Une autre question parfois soulevée dans ce débat est celle du don d’organes à un non-juif. De façon générale, je trouve que répondre à des avis proposant une graduation de la valeur de la vie humaine entre juifs et non-juifs, est généralement inutile, car elle donne trop de poids à une opinion cruelle et illégitime. Une fois n’est pas coutume, cette opinion me permet de rappeler les paroles du Rav Yossef Messas (1892-1974):
Et si un organe est donné par un juif à un non-juif, il n’y a pas de mal à cela. Tôt ou tard, l’inverse se produira et les [juifs et non-juifs] s’aideront mutuellement, sans compter qu’il est clair que [les non-juifs] sont plus nombreux [à faire des dons d’organes]. Par ce don, l’amour de l’humain pour son prochain sera connu de tous, sans distinction de religion, car tous sont les créatures du Saint-Béni-Soit-il.[3]

Alors que faire ?
Ce blog, en général, et cet article, en particulier, n’ont pas pour vocation de dicter une quelconque conduite aux gens mais d’informer et de débattre de sujets juifs peu ou pas abordés en France. Cependant, il serait malhonnête de cacher que l’auteur de ces lignes à sa carte israélienne de donneur (Carte Adi). Certes, les décisionnaires ne sont pas unanimes sur le sujet mais ceux autorisant ne manquent pas. Quitte à me tromper, je préfère que cela soit en sauvant des vies plutôt que l’inverse. Nous avons tous autour de nous des gens qui nous sont chers ayant été sauvés par un don d’organe ou étant décédés par absence de dons. Voilà pour nous l’occasion de nous engager à sauver nous aussi les proches d’autres personnes.

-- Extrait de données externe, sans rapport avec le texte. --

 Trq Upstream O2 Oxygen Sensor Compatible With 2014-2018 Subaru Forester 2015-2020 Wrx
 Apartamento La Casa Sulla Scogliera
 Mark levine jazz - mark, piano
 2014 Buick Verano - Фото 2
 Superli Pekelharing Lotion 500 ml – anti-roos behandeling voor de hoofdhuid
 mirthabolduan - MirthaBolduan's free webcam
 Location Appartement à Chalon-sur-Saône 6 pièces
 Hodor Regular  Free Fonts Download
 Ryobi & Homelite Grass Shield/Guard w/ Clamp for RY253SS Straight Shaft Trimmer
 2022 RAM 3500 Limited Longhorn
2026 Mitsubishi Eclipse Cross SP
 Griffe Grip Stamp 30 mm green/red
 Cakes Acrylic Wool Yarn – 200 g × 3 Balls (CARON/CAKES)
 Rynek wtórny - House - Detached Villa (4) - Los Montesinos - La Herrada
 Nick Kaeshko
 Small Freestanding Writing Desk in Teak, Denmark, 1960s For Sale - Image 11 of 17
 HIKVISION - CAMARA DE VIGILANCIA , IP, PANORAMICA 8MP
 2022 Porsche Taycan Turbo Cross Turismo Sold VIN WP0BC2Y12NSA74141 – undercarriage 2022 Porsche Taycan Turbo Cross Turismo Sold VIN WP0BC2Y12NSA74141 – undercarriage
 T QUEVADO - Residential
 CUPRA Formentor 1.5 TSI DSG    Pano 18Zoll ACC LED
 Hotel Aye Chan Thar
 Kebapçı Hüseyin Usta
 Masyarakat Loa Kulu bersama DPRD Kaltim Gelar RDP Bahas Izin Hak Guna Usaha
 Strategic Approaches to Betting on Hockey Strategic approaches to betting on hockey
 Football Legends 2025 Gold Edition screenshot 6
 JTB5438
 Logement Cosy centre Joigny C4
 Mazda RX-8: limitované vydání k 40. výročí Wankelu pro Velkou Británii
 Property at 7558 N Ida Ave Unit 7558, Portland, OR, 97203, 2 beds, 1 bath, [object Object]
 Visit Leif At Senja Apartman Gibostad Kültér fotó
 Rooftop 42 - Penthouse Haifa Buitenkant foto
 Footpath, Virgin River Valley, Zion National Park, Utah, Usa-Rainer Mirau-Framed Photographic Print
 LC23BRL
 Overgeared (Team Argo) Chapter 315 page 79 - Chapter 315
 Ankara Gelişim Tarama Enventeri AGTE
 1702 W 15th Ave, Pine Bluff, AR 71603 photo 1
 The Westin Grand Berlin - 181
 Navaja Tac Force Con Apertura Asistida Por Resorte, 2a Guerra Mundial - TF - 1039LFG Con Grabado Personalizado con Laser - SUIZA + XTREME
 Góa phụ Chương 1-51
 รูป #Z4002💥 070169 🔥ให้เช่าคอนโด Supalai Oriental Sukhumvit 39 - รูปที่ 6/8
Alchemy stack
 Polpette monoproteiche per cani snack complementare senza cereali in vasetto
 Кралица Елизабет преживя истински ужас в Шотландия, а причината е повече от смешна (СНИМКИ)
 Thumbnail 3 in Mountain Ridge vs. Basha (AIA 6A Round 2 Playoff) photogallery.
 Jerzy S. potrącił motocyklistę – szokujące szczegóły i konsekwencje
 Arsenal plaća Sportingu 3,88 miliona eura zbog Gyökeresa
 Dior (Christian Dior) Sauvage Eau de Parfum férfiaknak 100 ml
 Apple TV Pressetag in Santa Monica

Si vous êtes israélien, n’hésitez pas à demander votre carte de donneur sur le site Adi (cliquez-ici), qui possède toutes les recommandations rabbiniques nécessaires. Cette carte vous donnera également un droit prioritaire pour recevoir un don en cas de besoin.
Notes:
[1] Parmi eux, on peut citer le Rav S. Z Auerbarch, Assia 53 ; Le Rav Waldenberg, Tsits Eliezer 17:66 ; le Rav Ovadia Yossef, Yehavé Daat 2:14 ; le Rav Wozner, Shevet Halevi 7:235.
[2] Voir Assia (אסיא) numéro 7.
[3] R. Yossef Messas, Mayim Hayim, Vol. II, p. 201.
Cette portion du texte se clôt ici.